Post by boglerdude » Sun Jan 19, 2020 10:44 pm

> maintain 4x25 by tilting

Are the assets supposed to be volatility matched? If gov issues 1,000 year bond with huge volatility, should you only hold enough of that to offset the volatility of the other assets?
User avatar
Smith1776
Executive Member
Executive Member
Posts: 3501
Joined: Fri Apr 21, 2017 6:01 pm

Re: Why do you use the PP?

Post by Smith1776 » Mon Jan 20, 2020 8:07 pm

boglerdude wrote:
Sun Jan 19, 2020 10:44 pm
> maintain 4x25 by tilting

Are the assets supposed to be volatility matched? If gov issues 1,000 year bond with huge volatility, should you only hold enough of that to offset the volatility of the other assets?
Personally, I'm less concerned about that than I used to be. The volatility of the underlying assets doesn't even stay constant.

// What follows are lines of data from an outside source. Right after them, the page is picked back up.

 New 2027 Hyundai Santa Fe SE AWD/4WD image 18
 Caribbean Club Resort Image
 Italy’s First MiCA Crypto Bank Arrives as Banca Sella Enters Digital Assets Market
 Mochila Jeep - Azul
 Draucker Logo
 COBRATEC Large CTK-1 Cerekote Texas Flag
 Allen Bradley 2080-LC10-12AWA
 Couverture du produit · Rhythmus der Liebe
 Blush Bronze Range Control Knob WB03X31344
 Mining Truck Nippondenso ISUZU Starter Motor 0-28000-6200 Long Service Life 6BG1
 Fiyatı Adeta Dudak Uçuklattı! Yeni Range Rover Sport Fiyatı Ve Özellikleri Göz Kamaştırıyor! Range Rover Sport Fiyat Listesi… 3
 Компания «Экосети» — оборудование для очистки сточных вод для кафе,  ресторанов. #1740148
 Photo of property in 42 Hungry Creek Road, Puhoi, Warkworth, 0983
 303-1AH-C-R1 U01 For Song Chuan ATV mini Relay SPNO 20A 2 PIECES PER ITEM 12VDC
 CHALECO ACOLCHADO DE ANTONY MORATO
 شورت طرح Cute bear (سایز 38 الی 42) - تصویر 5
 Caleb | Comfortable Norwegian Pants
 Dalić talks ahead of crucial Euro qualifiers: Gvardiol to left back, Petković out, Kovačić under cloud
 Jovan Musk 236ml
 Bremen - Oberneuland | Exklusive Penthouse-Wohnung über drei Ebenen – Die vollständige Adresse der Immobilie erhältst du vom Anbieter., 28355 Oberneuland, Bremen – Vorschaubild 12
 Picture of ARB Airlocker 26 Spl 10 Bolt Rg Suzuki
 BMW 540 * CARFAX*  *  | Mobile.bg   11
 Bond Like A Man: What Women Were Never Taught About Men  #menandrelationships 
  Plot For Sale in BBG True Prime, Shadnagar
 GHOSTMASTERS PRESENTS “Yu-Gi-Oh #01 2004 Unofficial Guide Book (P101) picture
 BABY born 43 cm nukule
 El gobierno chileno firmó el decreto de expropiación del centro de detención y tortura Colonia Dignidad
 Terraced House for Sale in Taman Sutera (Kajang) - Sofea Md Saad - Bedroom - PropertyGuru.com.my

After I realized that, I just shrugged and said "good enough".

For instance, as interest rates go down the duration of the LT bonds goes up. I believe there are some funds out there with "dynamic" asset allocation strategies that account for this and have constantly shifting proportions. I'm not smart enough for that. I'll just keep 4x25.
I still find the James Rickards portfolio fascinating.